▶ **TASK DETAILS**: Begin with the line that holds "27150 Escudo Rd, Taft, CA 93268". Write out every line from there to the end of the listing below, word for word.

▶ **DATA SUPPLIED**:
..........
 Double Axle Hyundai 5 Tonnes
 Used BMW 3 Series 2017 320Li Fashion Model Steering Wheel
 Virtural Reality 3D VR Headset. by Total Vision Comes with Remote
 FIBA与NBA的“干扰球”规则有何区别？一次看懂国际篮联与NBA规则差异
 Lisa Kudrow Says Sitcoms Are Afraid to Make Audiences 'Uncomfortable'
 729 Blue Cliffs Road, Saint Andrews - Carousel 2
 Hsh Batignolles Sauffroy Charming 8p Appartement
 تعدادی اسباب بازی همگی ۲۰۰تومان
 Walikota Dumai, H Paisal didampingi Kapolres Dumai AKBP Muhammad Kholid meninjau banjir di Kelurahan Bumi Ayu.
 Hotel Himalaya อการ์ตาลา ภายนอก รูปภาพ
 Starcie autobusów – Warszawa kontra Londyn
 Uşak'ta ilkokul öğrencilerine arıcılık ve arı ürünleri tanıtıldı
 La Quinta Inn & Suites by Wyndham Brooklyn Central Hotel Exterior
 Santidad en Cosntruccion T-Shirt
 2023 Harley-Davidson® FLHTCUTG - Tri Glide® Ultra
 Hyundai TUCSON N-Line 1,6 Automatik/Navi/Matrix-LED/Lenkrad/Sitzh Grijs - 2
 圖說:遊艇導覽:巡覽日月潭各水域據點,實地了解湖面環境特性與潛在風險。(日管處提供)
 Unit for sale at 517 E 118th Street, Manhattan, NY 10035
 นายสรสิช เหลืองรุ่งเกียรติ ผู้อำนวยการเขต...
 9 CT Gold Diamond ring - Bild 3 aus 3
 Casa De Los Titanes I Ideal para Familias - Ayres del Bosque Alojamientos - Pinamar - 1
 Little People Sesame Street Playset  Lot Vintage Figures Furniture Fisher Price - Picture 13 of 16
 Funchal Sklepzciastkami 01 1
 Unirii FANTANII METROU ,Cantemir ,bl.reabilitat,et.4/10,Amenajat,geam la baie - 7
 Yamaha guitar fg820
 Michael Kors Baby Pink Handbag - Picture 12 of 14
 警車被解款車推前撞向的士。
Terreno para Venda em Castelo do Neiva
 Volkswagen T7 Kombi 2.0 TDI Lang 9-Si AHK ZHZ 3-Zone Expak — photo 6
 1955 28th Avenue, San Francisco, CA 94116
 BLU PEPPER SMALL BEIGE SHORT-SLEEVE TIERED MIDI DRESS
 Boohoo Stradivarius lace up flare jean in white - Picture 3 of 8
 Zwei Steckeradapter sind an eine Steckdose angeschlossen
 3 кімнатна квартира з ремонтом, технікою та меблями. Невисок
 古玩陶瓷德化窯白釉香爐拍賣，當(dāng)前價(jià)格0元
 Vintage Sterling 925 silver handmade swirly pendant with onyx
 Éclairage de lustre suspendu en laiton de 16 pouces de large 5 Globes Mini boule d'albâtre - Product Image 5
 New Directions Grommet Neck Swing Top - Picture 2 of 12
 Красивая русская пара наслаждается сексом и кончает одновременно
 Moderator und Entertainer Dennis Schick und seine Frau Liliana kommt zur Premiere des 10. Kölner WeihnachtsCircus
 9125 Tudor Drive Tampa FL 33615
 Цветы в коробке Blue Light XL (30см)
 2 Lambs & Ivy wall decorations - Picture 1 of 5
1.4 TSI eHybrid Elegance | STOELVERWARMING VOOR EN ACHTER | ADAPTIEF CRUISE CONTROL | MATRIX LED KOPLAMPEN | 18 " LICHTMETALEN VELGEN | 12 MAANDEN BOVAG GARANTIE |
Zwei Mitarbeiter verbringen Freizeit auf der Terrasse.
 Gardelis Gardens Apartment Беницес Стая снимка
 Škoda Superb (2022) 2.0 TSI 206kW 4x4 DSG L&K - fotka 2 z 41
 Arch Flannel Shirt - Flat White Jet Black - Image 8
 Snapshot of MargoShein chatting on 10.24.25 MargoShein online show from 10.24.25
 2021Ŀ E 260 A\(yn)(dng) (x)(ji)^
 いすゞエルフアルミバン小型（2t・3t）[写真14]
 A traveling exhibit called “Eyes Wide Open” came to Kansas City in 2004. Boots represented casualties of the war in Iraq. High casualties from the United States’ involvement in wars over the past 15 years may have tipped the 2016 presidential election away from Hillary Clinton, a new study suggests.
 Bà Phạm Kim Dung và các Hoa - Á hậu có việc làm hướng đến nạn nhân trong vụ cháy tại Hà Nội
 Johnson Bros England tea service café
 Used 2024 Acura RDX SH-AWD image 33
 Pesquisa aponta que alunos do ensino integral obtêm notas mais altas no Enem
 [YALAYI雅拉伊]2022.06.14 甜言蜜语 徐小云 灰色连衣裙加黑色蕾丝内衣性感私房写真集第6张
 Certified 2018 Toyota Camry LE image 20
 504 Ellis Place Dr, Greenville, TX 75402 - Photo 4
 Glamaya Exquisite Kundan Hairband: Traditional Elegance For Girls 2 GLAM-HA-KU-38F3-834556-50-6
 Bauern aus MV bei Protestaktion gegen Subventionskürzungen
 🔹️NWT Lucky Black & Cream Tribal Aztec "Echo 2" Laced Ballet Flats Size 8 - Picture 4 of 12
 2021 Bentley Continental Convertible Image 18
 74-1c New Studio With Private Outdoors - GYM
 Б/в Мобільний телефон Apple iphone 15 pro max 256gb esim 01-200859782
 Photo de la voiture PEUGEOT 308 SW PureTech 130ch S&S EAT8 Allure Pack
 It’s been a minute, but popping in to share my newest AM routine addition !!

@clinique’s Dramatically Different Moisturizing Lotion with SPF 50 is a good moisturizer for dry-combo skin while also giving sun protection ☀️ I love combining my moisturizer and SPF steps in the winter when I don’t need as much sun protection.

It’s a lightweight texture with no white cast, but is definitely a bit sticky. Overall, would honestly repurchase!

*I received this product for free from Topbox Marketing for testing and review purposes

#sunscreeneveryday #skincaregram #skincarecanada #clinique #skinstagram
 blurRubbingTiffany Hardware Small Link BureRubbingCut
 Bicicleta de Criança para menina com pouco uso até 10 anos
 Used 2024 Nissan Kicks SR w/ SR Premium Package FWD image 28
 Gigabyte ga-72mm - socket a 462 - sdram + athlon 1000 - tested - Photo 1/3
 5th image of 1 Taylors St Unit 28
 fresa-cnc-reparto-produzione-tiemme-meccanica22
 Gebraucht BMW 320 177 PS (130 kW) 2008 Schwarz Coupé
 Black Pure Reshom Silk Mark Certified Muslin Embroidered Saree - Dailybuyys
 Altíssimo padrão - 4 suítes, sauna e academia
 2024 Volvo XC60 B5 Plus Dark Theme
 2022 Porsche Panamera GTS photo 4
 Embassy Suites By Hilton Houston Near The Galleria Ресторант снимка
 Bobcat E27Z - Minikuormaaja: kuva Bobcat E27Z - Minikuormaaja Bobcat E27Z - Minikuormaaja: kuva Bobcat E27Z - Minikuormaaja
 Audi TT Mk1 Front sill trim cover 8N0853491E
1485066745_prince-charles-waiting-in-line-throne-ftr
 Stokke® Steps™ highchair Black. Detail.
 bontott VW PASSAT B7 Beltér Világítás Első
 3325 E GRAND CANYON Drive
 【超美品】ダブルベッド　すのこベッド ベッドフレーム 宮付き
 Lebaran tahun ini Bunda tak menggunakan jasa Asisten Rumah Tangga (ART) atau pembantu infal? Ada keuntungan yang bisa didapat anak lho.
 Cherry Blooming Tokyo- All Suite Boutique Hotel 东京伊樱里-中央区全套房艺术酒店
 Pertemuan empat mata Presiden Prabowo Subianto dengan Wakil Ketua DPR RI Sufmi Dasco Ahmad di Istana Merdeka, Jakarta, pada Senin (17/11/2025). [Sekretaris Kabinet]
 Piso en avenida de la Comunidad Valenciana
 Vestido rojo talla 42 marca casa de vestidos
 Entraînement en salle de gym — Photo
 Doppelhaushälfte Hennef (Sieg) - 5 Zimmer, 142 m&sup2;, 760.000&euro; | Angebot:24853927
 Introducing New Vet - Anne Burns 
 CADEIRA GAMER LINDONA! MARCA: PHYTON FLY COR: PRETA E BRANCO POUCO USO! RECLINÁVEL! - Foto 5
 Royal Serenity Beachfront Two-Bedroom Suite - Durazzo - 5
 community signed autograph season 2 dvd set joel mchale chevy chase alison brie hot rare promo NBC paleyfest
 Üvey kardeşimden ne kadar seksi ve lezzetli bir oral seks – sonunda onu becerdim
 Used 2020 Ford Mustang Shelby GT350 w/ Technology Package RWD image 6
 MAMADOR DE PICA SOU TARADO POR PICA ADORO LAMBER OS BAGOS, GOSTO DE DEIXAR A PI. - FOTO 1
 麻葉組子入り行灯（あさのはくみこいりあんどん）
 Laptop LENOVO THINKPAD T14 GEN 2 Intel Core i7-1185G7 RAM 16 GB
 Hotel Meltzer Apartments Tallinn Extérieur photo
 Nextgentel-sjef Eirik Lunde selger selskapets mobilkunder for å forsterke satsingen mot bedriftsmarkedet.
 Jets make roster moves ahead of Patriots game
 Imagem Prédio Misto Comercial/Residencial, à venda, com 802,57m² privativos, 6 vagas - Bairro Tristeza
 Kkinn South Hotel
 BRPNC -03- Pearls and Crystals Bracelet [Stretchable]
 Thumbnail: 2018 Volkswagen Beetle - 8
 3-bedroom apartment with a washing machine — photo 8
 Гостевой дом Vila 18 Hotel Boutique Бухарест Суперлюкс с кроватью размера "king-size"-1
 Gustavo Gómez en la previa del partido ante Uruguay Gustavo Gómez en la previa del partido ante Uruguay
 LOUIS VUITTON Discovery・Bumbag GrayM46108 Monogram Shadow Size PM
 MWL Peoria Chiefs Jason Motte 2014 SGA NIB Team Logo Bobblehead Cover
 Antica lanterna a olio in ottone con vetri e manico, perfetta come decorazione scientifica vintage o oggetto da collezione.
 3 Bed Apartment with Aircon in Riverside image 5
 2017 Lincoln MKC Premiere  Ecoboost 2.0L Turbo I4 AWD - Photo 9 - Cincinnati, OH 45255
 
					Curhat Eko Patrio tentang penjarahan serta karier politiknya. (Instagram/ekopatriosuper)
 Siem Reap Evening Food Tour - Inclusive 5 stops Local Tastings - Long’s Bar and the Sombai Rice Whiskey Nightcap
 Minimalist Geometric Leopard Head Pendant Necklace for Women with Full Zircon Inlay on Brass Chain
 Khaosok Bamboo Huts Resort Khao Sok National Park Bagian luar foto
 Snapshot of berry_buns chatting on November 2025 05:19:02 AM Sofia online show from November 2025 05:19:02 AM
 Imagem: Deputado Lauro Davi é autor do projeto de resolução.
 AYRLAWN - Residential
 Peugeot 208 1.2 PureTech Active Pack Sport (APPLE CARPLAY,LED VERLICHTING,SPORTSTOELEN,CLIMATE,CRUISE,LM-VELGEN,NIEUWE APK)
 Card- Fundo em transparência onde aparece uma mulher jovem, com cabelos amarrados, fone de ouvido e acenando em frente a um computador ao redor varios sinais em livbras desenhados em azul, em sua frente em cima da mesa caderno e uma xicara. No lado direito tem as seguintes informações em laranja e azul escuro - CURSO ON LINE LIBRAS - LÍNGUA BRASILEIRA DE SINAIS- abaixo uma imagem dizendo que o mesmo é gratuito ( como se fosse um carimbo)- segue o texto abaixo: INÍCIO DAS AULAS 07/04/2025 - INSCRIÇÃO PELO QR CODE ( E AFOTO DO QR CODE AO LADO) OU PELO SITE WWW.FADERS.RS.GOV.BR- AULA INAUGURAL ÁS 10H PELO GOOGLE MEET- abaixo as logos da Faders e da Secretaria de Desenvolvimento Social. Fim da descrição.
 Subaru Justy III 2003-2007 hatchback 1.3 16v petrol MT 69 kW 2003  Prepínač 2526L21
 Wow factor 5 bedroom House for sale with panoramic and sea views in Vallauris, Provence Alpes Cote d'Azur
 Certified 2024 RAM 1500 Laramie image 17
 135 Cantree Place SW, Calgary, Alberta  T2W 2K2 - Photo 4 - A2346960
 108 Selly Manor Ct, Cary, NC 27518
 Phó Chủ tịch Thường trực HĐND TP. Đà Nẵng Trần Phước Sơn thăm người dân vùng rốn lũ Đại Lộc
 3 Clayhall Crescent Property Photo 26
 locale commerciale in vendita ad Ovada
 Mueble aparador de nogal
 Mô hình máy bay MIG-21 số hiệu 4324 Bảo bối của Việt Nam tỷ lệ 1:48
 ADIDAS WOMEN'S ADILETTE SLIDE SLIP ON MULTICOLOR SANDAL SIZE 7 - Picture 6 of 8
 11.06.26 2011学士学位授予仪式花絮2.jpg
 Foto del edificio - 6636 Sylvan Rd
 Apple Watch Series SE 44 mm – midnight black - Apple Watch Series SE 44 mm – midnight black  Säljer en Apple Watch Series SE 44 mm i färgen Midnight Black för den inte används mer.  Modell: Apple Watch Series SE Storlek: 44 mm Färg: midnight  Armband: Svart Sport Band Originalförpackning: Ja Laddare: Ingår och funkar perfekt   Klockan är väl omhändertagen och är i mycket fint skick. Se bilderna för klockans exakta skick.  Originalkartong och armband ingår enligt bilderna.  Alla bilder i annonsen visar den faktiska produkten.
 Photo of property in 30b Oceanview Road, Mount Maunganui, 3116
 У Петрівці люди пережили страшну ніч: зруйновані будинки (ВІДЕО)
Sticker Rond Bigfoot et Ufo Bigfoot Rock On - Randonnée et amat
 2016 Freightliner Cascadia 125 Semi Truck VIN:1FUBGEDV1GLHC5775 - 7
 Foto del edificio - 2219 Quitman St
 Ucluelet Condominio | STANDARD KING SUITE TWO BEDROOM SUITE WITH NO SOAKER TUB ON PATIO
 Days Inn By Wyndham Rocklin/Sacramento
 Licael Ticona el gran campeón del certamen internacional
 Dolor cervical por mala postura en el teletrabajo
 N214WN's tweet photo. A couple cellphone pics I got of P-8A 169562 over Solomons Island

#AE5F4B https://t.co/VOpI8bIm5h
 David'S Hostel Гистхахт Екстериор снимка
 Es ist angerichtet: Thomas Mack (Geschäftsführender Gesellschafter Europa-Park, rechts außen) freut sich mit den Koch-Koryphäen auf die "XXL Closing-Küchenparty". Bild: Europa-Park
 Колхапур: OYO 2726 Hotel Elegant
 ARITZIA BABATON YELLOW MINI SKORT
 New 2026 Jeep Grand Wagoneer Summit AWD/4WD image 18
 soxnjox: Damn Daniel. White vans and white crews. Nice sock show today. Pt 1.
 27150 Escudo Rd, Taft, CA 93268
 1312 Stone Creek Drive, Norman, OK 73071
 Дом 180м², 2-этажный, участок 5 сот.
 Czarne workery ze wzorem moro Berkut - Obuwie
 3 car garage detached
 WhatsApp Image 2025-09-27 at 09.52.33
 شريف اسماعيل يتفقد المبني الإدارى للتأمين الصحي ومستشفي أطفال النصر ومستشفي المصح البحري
..........
▶ **TASK RESPONSE**:
 27150 Escudo Rd, Taft, CA 93268
 1312 Stone Creek Drive, Norman, OK 73071
 Дом 180м², 2-этажный, участок 5 сот.
 Czarne workery ze wzorem moro Berkut - Obuwie
 3 car garage detached
 WhatsApp Image 2025-09-27 at 09.52.33
 شريف اسماعيل يتفقد المبني الإدارى للتأمين الصحي ومستشفي أطفال النصر ومستشفي المصح البحري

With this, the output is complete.